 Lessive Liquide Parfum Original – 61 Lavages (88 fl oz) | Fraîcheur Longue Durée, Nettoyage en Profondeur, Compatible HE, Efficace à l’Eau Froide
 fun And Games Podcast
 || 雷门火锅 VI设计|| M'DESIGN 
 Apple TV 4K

--

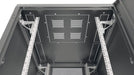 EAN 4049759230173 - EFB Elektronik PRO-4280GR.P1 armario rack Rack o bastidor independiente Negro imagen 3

Your objective >> Where the line holding "Lessive Liquide Parfum" appears in the listing above, start reproducing exactly, and end with the line holding "Apple TV 4K".

Exercise result >>
 Lessive Liquide Parfum Original – 61 Lavages (88 fl oz) | Fraîcheur Longue Durée, Nettoyage en Profondeur, Compatible HE, Efficace à l’Eau Froide
 fun And Games Podcast
 || 雷门火锅 VI设计|| M'DESIGN 
 Apple TV 4K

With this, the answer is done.